Hungary lost 600,000 Jews in WW2, and there doesn’t seem to be enough to memorialize this loss. Especially considering there are more than 100,000 registered (closer to 220,000 in total) Jews in Hungary today. The few monuments that remain are heavily protected, often disguised, when instead they should be visited and graced with flowers and rocks (Jewish symbol of respect to graves and memorials). The political situation in Hungary is going someplace very unsafe.  The word on the street told me so, but I felt uneasy in every part of the city.


It’s hard to think of the politics when you are in such a picturesque city with such rich and satisfying comfort food. We had to visit the main city market which was a real experience, followed by a quick visit to the outdoor hot baths (it was 30F outside) before we settled down at the Central Cafe. The Central Cafe not only serves up authentic Hungarian food and wine, but was said to have been the cafe where the post-communist revolution was planned and later implemented. The ceilings are as high as the tensions once escalated by revolutionists at this neighborhood corner spot– what an experience.

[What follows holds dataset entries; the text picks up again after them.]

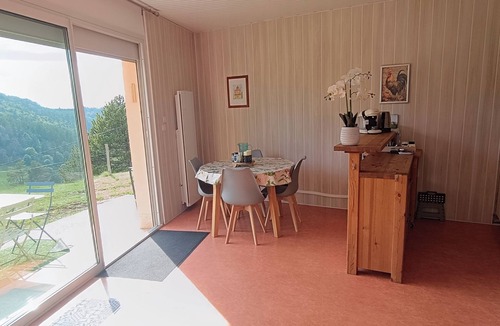 Camurac Apartment | With an exceptional view from the top of the mountains, it's a complete change of scenery!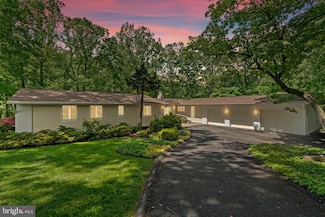 17810 Pond Rd, Ashton, MD 20861
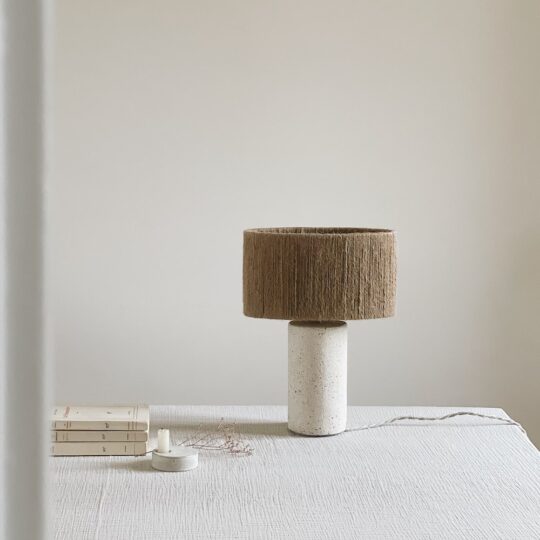 Lampe à poser béton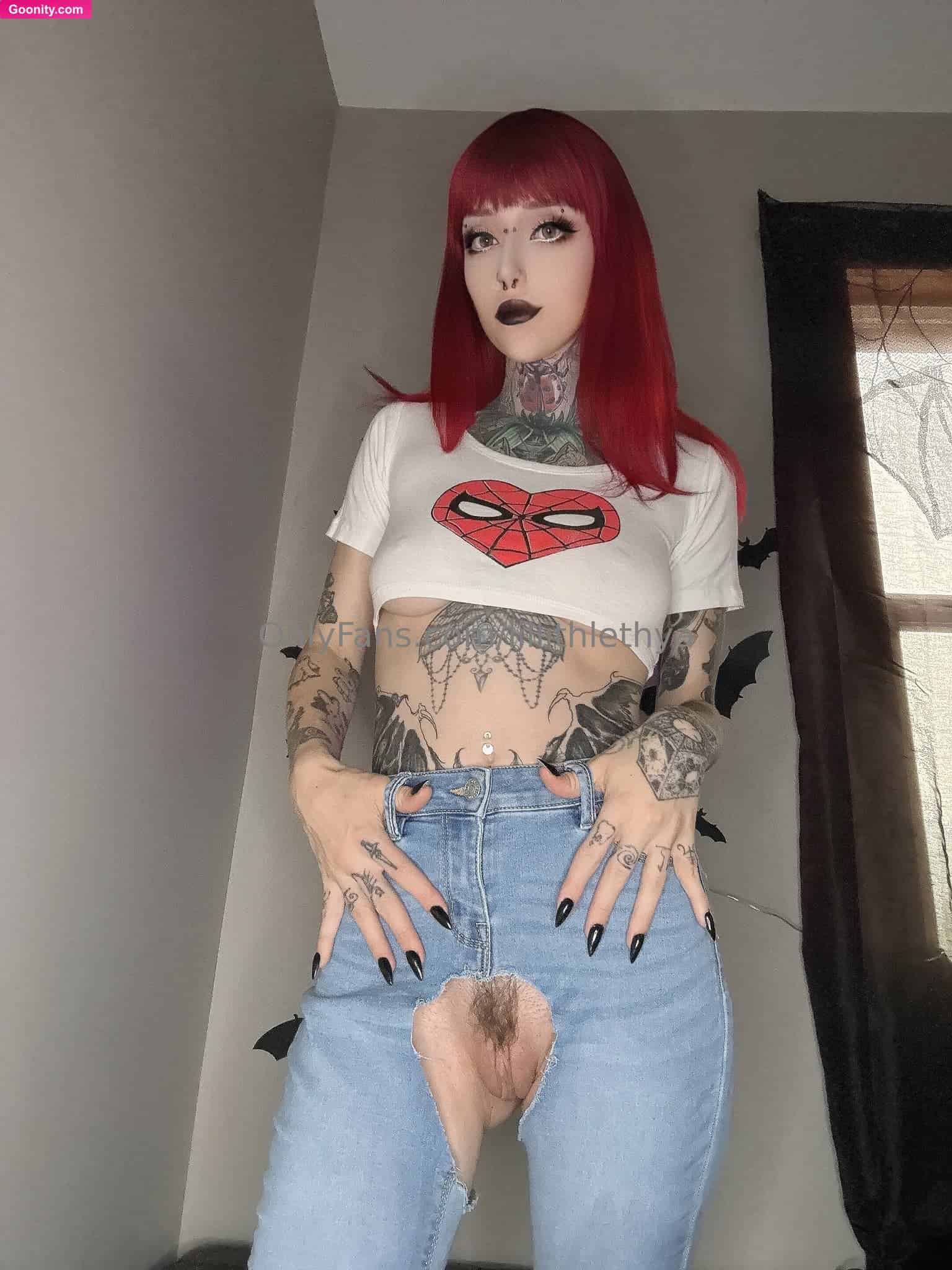Goth M0mmy Lilli | big tiddy goth m¡lf photo 51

The modern day answer to these cafe institutions are the new hipster pubs popping up in the unused courtyards of large mansion block buildings in the Jewish quarter. Szimpla (the hippest of these pubs) is without a sign, but identified by a row of vintage bicycle tire frames. It feels like the attic of several generations scattered over a large indoor courtyard. Mix-matched sofas, chairs, tables and lighting fixtures…with 20 and 30 something hipsters, sipping and smoking while they shamelessly post images onto their blogs from their Apple devices. It was really refreshing to see this new age modification of the Central Cafe style establishment, because this city is about ready for another revolution.